From an identity stand-point, which would be the worst for you personally to lose? Your face, your body or your voice? Which do YOU identify with most strongly for your own sense of self? How do you come up with these questions?? Usually your questions are a lot less profound! I would not want to lose any of those things. If I “lose” my body, then who I am will cease to exist. However, if I lose the ability to USE my body (such as if I become totally paralyzed), I think it would be terrible as long as my brain were still working. Maybe I could learn to use one of those artificial voice translation machines if I couldn’t move, so that I could still communicate. Lose my face – what, from having it destroyed by burning or something? God awful! Burning would be the very worst way to die, in my view. Anyway, without my face, I wouldn’t have eyes, ears, nose or mouth. Maybe it would be better to have all those things but have my body be paralyzed. Because what would I be without any of my senses? When I think of not having a face, I think of ancient sculptures of people whose faces were destroyed by the ravages of time.
We see their body but not their face so we never know what they might have looked like. As for my voice, there are a couple of ways of thinking about this: my physical voice, that is, what one hears when I speak or sing; or my voice in the metaphorical sense – having a voice in decisions made, having a voice in who is elected president. We say we have a “voice” when we vote. If I were to lose that kind of voice, it would mean we would be in some sort of dictatorship or autocracy – which could happen if Trump is reelected….but I don’t want to think about that right now! However, if it were just my physical voice, I think I could do without it, because I could still write in order to communicate. However, it would be difficult, because I like to talk and I talk a lot!!

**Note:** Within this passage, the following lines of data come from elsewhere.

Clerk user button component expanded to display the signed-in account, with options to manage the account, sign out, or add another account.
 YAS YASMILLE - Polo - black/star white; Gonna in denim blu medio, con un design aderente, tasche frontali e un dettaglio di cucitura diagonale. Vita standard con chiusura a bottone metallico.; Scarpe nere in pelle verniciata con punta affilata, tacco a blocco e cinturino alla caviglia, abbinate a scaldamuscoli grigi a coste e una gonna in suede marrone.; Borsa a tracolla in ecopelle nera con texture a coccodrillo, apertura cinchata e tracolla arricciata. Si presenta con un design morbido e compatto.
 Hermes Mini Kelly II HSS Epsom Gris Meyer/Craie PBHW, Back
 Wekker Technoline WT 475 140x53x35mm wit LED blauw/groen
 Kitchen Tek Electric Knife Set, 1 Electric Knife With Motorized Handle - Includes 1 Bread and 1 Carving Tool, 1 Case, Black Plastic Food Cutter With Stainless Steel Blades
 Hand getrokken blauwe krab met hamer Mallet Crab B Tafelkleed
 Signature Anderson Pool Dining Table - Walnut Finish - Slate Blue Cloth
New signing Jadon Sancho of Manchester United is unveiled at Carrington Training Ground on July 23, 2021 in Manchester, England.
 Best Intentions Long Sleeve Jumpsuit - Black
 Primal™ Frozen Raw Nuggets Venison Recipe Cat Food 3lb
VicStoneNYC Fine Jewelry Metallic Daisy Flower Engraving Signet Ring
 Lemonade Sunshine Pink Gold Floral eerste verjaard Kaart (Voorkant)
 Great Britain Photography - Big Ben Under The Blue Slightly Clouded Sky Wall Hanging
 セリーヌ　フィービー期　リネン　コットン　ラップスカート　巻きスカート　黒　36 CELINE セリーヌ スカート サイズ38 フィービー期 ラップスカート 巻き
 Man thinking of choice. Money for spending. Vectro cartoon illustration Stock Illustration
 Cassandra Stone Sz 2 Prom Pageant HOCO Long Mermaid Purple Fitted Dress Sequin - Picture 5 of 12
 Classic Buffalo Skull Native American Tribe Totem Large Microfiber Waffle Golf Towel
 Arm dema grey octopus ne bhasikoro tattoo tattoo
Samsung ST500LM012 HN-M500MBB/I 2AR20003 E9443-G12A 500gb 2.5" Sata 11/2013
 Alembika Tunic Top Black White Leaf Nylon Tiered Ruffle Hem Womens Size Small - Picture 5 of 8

Do you have a ‘song’? If you’re part of a couple, you could use “your couple’s song” OR a song that’s just always resonated with you. There are too many songs to think about. So I will just say Unchained Melody, because when I first met my husband, that was the one song he would always want to dance to. So it kind of became “our song.” Unchained Melody
“Spooky” Halloween Question: Oooo! BOO!
Are ghosts real or has someone been smoking something and just imagines them? I honestly don’t know. The logical, skeptical part of me says that ghosts or spirits do not exist. However, there is a part of me that believes in them. Maybe that is where our energy goes when we die – into a spirit or “ghost” if you want to call it that. Sometimes when I heard unexplained sounds in the house (my old house had these – where I live now is too small and too new for that), I said there was a ghost in the house. I told my son this when he was young and I got him to really believe it, but I assured him that the ghost was harmless and would never reveal itself to us. Just leave it alone and it will leave us alone. “Our” ghost became a sort of comforting presence!
GRATITUDE SECTION (as always strictly optional)
Please free free to share a moment of gratitude you experienced over the past week. Hearing my son’s voice on the phone now that he is clean and sober. He’s actually pleasant to talk to when he isn’t depressed or self-medicated and has had something nutritious to eat.
Also I am grateful that the weather has been a little warm again even though it’s been really windy. Today was the last day of that warmth though – tomorrow it is supposed to be 20 degrees cooler and will not get warm again, probably until April!!